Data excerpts
◇ ◇ ◇ ◇ ◇

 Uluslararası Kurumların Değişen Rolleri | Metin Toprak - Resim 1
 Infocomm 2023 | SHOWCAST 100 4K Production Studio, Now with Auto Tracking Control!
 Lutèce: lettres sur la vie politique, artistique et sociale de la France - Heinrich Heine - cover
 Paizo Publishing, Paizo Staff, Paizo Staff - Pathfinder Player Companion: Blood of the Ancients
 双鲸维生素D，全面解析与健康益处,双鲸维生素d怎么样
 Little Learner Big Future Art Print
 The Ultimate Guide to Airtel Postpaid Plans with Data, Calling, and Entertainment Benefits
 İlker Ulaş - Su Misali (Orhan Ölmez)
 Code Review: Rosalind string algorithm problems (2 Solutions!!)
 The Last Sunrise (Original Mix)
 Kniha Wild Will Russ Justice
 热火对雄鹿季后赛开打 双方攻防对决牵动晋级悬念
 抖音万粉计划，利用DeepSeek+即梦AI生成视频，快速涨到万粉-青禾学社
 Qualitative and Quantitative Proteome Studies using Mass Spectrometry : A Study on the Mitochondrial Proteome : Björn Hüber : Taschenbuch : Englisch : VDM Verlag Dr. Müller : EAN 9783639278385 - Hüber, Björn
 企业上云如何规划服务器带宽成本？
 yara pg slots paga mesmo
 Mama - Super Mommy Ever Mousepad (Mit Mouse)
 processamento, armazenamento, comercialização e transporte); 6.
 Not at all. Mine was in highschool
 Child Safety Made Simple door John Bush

◇ ◇ ◇ ◇ ◇

▶ _Task brief_:
Calculate the number of lines above that include the word "with", giving that number by itself.

▶ _Answer box_:
2